Work instruction>
When the string "Potentiometric" is part of a line in the data below, report the whole line.

(Caption-style text data)
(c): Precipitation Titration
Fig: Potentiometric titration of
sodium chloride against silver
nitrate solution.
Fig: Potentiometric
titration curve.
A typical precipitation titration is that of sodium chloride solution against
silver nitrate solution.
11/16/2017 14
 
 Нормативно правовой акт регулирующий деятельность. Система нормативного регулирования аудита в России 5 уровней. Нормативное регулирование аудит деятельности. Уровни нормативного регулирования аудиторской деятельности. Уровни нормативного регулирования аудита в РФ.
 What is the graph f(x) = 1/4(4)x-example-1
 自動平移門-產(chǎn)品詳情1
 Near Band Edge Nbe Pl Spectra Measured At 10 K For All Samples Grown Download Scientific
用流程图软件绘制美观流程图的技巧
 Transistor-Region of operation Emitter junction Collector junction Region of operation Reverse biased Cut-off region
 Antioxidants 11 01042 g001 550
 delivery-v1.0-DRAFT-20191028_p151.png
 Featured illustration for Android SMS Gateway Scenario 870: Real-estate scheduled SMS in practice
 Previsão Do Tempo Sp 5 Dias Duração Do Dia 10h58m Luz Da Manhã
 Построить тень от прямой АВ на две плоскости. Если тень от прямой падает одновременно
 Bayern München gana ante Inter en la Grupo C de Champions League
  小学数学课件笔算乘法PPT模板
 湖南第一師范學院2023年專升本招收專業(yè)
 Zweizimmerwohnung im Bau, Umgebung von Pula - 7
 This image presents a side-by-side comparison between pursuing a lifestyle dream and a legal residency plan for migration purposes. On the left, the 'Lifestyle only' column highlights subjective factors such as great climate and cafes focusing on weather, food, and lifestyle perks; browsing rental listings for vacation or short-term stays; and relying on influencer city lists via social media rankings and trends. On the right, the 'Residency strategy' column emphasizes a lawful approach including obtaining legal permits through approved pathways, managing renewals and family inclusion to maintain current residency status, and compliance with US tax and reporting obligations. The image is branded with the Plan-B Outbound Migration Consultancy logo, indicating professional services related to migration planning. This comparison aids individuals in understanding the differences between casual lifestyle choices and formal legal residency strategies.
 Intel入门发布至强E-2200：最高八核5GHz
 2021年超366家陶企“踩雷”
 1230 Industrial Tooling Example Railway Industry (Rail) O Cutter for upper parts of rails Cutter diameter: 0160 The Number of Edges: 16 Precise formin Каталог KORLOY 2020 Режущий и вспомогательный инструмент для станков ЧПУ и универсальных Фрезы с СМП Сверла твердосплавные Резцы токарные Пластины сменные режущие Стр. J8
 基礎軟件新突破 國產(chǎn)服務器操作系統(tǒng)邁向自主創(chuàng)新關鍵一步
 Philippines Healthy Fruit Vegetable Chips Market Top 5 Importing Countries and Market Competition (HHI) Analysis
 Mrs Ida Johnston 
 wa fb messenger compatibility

Finished exercise>
Fig: Potentiometric titration of
Fig: Potentiometric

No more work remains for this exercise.